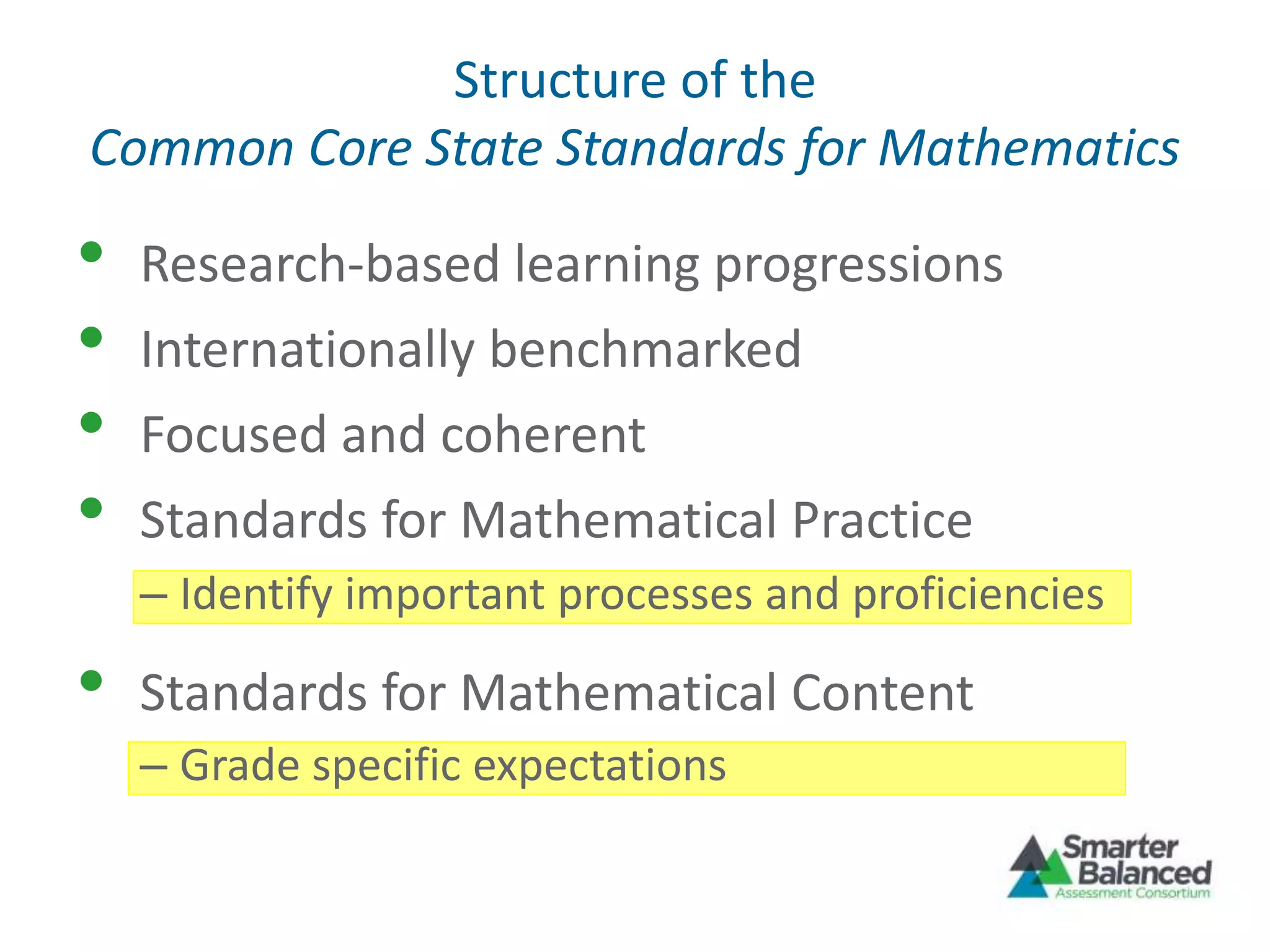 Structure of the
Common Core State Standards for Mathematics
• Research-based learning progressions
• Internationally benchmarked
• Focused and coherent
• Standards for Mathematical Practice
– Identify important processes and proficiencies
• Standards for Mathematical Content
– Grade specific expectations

==

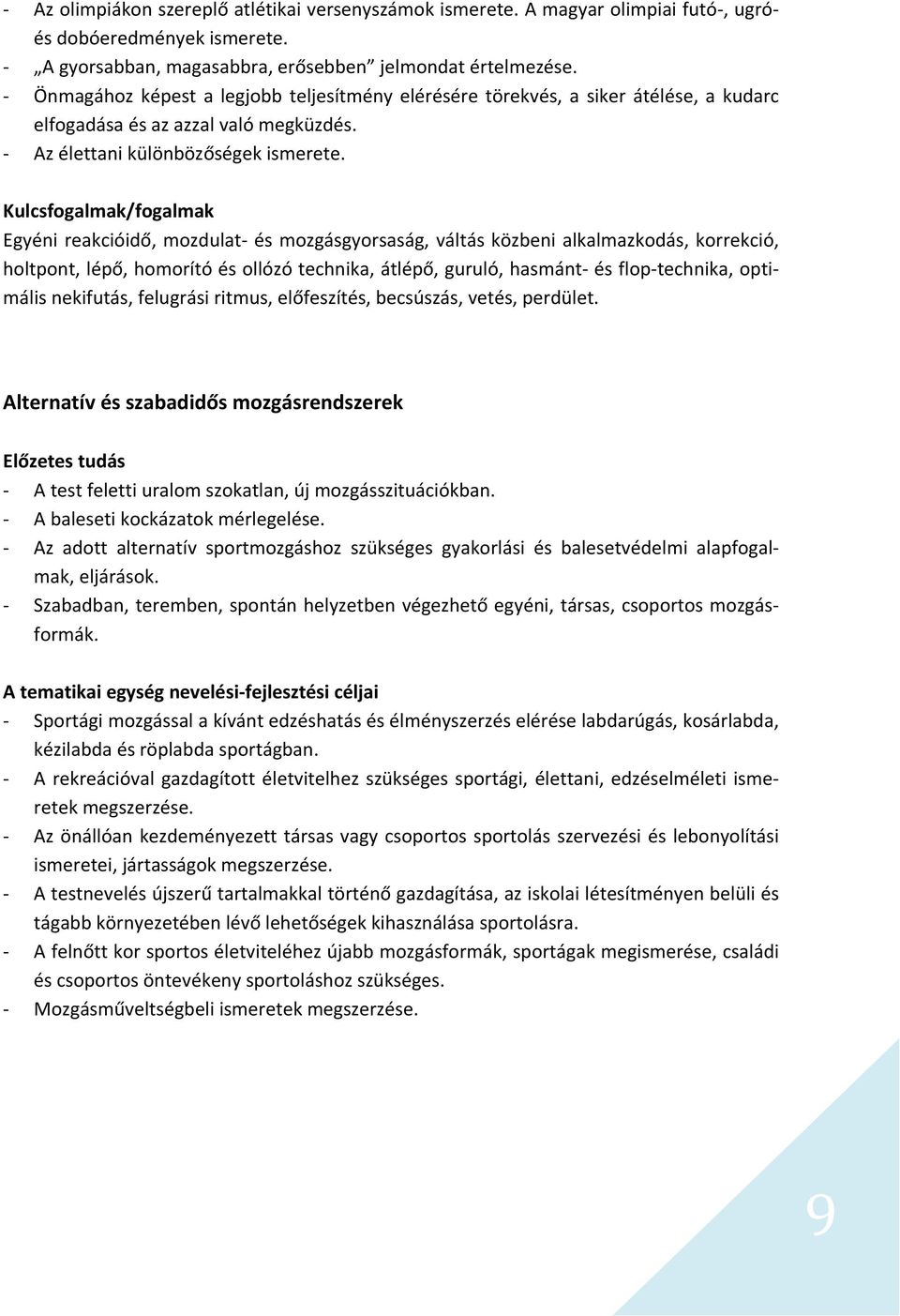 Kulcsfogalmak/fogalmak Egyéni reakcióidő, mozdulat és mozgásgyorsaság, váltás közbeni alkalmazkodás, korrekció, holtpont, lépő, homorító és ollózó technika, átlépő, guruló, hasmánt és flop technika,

### Required work
Look back at the entries above and repeat, unchanged, every line from the line holding "for Mathematical Content" through the line holding "Grade specific expectations".

### Written solution
• Standards for Mathematical Content
– Grade specific expectations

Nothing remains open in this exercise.